La resilienza del male

La resilienza del male. È la tendenza dei soggetti disumanizzati e dei sistemi di potere ad aggravare la loro reazione distruttiva proprio quando si aprono spiragli di guarigione del mondo. Anziché cedere alla novità di forze vitali che migliorano le situazioni, quei soggetti e quei sistemi fanno di tutto per accelerare la spirale di degrado che avevano innescato. Chi vive con umanità può mettere in campo una più lucida consapevolezza del proprio stare al mondo, un’etica più efficace, una maggiore dedizione alla giustizia, un agire politico nonviolento, un impegno al risanamento dell’economia, tentando quella traversata storica che oggi viene evocata come transizione ecologica. Ma, per spegnere tale opera di liberazione, chi è preda della disumanità moltiplicherà le energie per rendere irrimediabile la situazione.

Del male non si parla volentieri, sembra un termine eccessivo. Per molti bene e male sono riferimenti del tutto relativi. Per altri il male è qualcosa di abissale e misterioso. A me pare invece che, a parte quelle forme di distruzione della vita indipendenti da noi e derivanti da eventi naturali, il male siamo noi quando siamo disumani. Allora accade che o lo commettiamo con le nostre perversioni e stupidità di individui, oppure collaboriamo al suo condensarsi in grandi sistemi di potere che opprimono gli esseri viventi. La modernità si è caratterizzata soprattutto per questa modalità strutturale, istituzionalizzata, globale, al punto da mettere a repentaglio la sopravvivenza della nostra specie e la salute del pianeta.

La parte più consapevole dell’umanità ha compreso il pericolo e sta agendo per la salvezza di tutti. Contro questa primavera storica si scatenano le convulsioni di resistenza a tutti i costi da parte del sistema necrofilo della globalizzazione della violenza e dei suoi servitori. Il primo fenomeno di questo tipo è la radicalizzazione del processo di riduzione del mondo a mercato, riaffermato sotto il rivestimento ideologico della “sostenibilità”. Il surriscaldamento dell’atmosfera si aggrava e questo sistema accresce, anziché diminuire, tutte le pratiche che lo determinano.

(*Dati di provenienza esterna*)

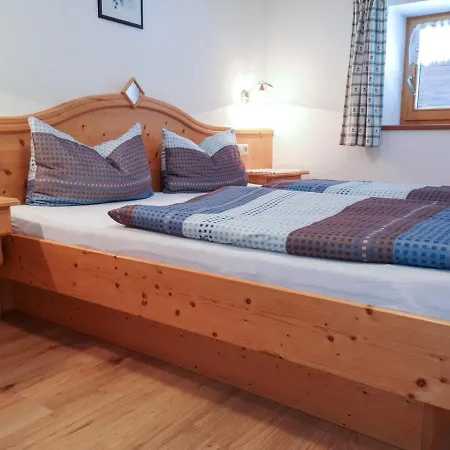 Farm stay Bablhof Oberwoessen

Poi c’è il fenomeno della preponderanza della guerra nel circuito geopolitico e della corsa al riarmo delle nazioni e persino dei singoli. Il mondo ha estremo bisogno di dialogo, nonviolenza, diplomazia, pacificazione e che fanno i disumanizzati? Si armano, sparano, uccidono sempre di più. Non c’è solo la guerra contro l’avversario etnico o politico. È in atto la guerra sistematica a tutte le soggettività più sintoniche con la vita e più allergiche alla logica del potere: contro le nuove generazioni, contro le donne, contro chi emigra per un’esistenza migliore, contro la natura.

Ciò non sarebbe possibile senza il contagio del totalitarismo aperto o subdolo, in molti Paesi. Il fascismo continua a diffondersi in molte forme: fondamentaliste, misogine, razziste, aziendaliste, sovraniste. Nel momento in cui l’umanità ha bisogno di diventare una stessa comunità solidale, c’è una recrudescenza di nazionalismi. E il nazionalismo è già fascismo.

La disgregazione è così esasperata che il nazionalismo non basta: si tenta di spezzare le comunità politiche e costituzionali dividendole in parti vincenti e in parti abbandonate a sé stesse. L’attuale imposizione della cosiddetta “autonomia differenziata” concepita da un vero maestro dell’ingegneria istituzionale come Calderoli, lo stesso che già aveva definito la legge elettorale da lui confezionata come “una porcata”, fa tornare l’Italia ai tempi del congresso di Vienna e la frammenta in regioni a sé stanti nell’epoca delle sfide globali. La scuola, la sanità, i diritti fondamentali sono sacrificati sull’altare dell’egoismo regionalista per il disprezzo verso l’Italia della Costituzione e della democrazia solidale.

Questo vortice della disgregazione va fermato scegliendo un nuovo impegno politico per tutelare il bene comune, nel quale porteremo non le nostre miserie ma il meglio della nostra umanità.